I love the 48" length of the 33L tanks and highly recommend them for shell dweller tanks! You definitely need to have tight fitting lids on these shorter tanks to avoid losing fish through the tiniest openings, especially when you have fish that are very active or when they are establishing their dominance during courtship.


----------



## wolfemitch

Thank you very much everyone. I will keep you updated on this tank as time goes on!


----------



## CrypticLifeStyle

Just wanted to say great tank. I love the dimensions of a 33l, harder, and hard to find these days. Good luck~>


----------



## wolfemitch

Well, I decided to go ahead with this idea! Picked up my 33 Gallon Long tank yesterday. Went shopping for substrate, picked up some vinyl, came home and ordered the filter, heater and started re-soaking my collection of escargot shells! Here are some photos!



Started with the black vinyl background

Misted tank with water



Applied the black vinyl wet with a squeegee
 


Trimmed off excess vinyl


Stay tuned! Will update soon!


----------



## wolfemitch

I was going to stop for the day, but.....

Pool filter sand (20/40) and some rock from the LFS.


----------



## zimmy

That looks great! I've been thinking of setting up a 33L. This thread is inspiring me.

How are you going to filter it?


----------



## wolfemitch

That's awesome! Glad to hear of another wanting to work with a 33L...they are decently tough to track down around where I am!

Currently I am a fan of the Imagine BioSystem power filter with the surface skimmer. I am planning on using the 55 rated for 55 gallons to start with.


----------



## boomer92

Lookin forward to following your thread! Picked up this same tank about a month ago. First cichlid tank, can't wait. Hoping to do 2 breeding groups of dwarf mbunas. Still need to paint background, cut eggcrate, and get to landscape supply to shop for limestone. Will start thread in Malawi section for stocking questions when I'm finally cycling.


----------



## wolfemitch

The shell collection! 


I have 90% decided on an LED setup for the lighting, the Satellite Freshwater LED Plus Strip Light.
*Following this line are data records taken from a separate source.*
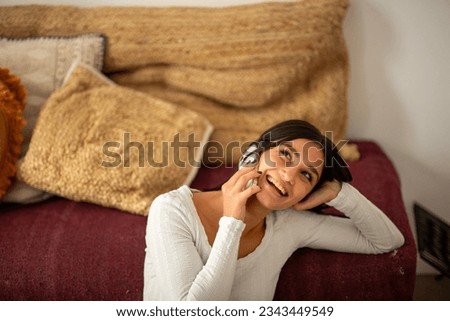 Portrait laughing young woman sitting at home with mobile phone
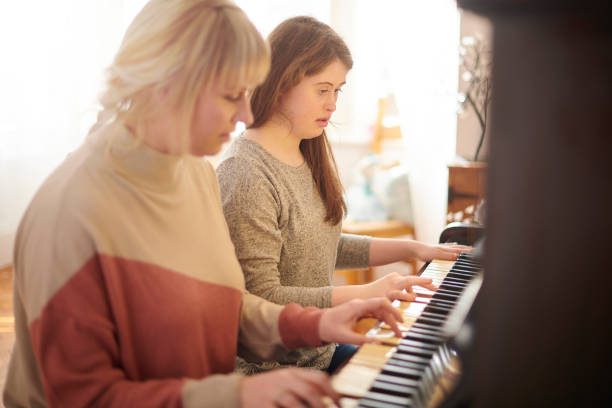 istock mother and daughter playing piano 1154715206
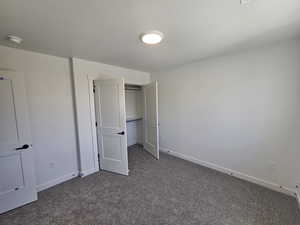 Unfurnished bedroom with dark carpet, a closet, and a textured ceiling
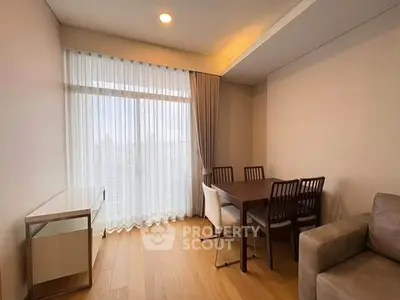 Modern dining area with wooden floor, elegant curtains, and cozy seating in a stylish apartment.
Anyone have any experience?


----------



## Iggy Newcastle

I have the 4' model. I like the light a lot. Some of the 'effects' like lightning are enough to give your fish a heart attack. But some of the softer fades are really cool. The presets have their place as well. Customization is nice. I cannot speak to it's durability, as I have not had the light but a few weeks. The price and sleek profile are great. No 'beaming' effect that I've noticed.


----------



## wolfemitch

Got home today to find the filter and the heater waiting for me so I started right away! Since I have not decided on the lighting yet, I put on two hoods I had lying around! Here are the results. Not totally thrilled with the aquascape, but it's getting close to what I want to accomplish! Moving ahead the rocks are being moved forward a bit to slide the heater and filter behind. By the way, just a heads up, a 200 watt ViaAqua Heater is to tall for a 33L tank to stand vertically.


----------



## zimmy

Great looking aquascape. I love the rocks. What kind are they?

I went to my LFS to check on 33L tanks today. They just happen to have two on order. I'm going to have to get one and try using a mattenfilter.


----------



## wolfemitch

To my knowledge the rocks are limestone....great to hear on the 33L! You should definetly get one, I have had fun setting this one up


----------



## boomer92

Love how those rocks look


----------



## Iggy Newcastle

I think it looks good! The shell bed is sweet.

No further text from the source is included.